**ASSIGNED TASK:**
Retype the lines below exactly, from the one that contains "Insoles Inserts Unisex" through the last, and leave every picture out.

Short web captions
=== Begin Enclosure ===

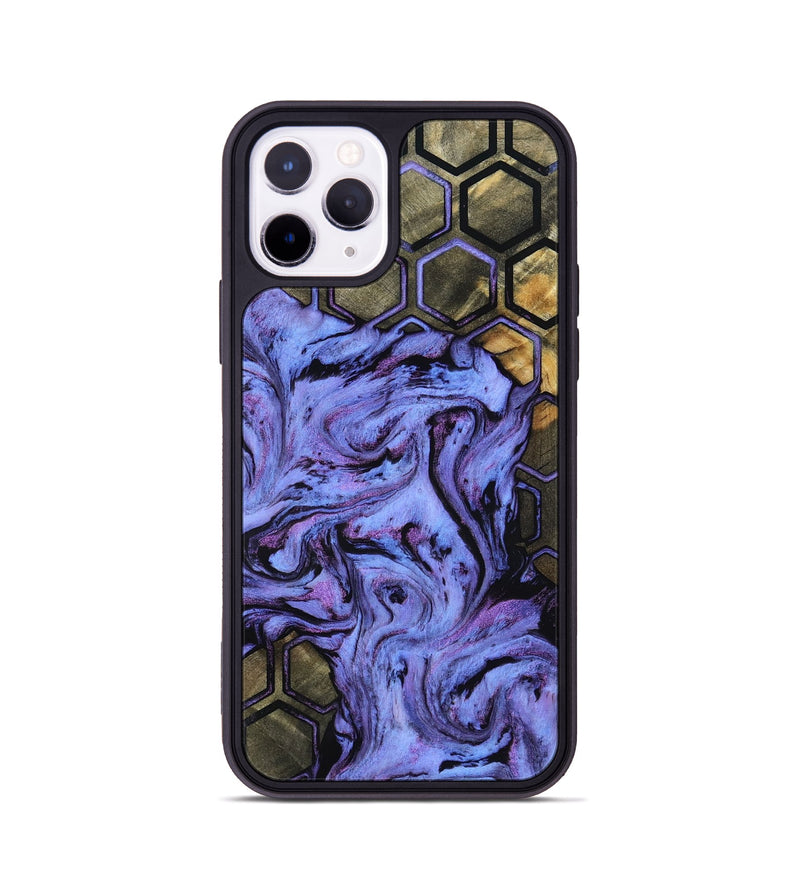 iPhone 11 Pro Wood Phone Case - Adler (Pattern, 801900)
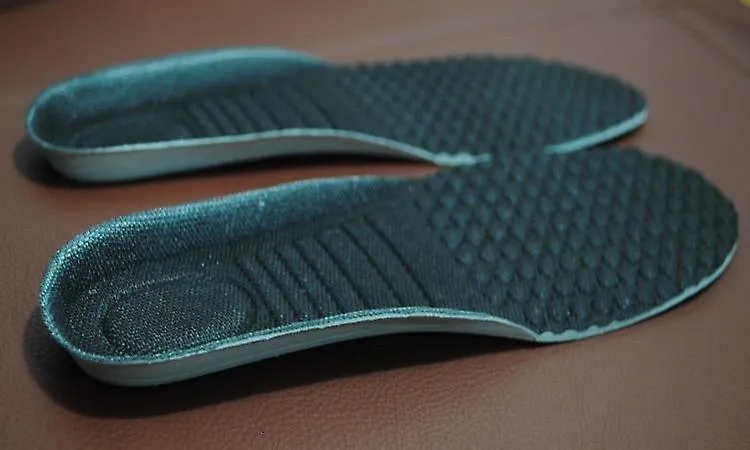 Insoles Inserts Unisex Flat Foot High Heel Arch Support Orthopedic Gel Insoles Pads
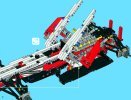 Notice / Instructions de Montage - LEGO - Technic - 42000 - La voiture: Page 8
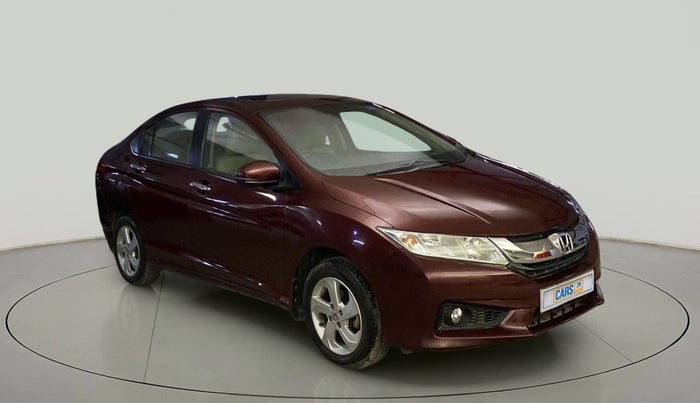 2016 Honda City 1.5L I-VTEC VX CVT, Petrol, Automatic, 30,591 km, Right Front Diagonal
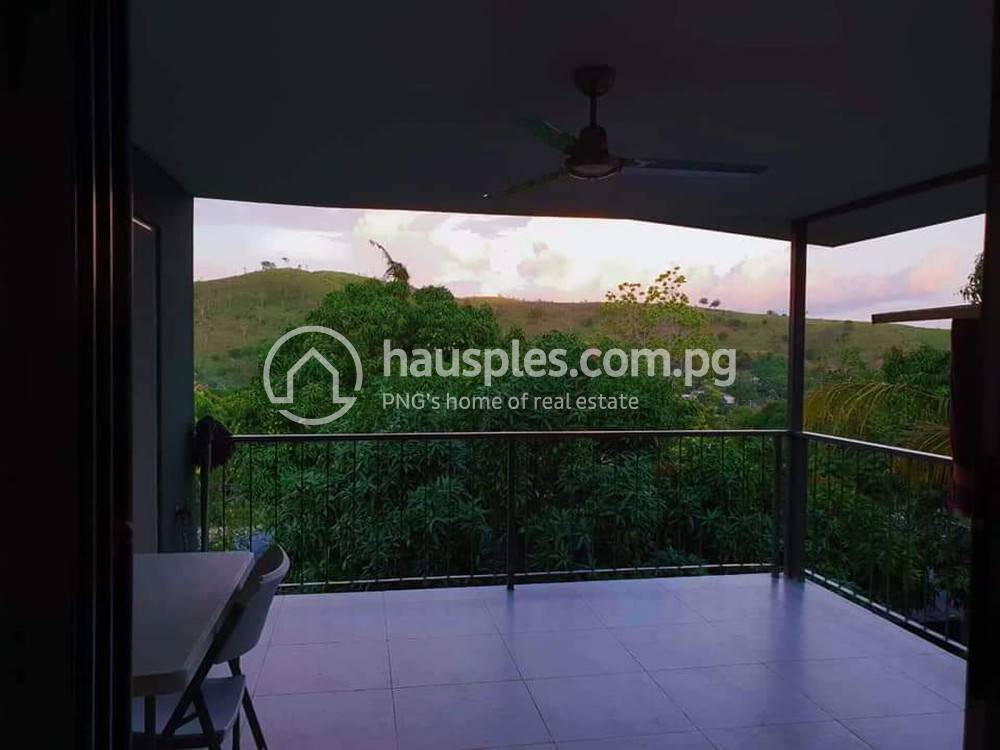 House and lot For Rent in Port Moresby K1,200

=== End Enclosure ===

**SOLUTION FOR THIS PROBLEM:**
 Insoles Inserts Unisex Flat Foot High Heel Arch Support Orthopedic Gel Insoles Pads
 Notice / Instructions de Montage - LEGO - Technic - 42000 - La voiture: Page 8
 2016 Honda City 1.5L I-VTEC VX CVT, Petrol, Automatic, 30,591 km, Right Front Diagonal
 House and lot For Rent in Port Moresby K1,200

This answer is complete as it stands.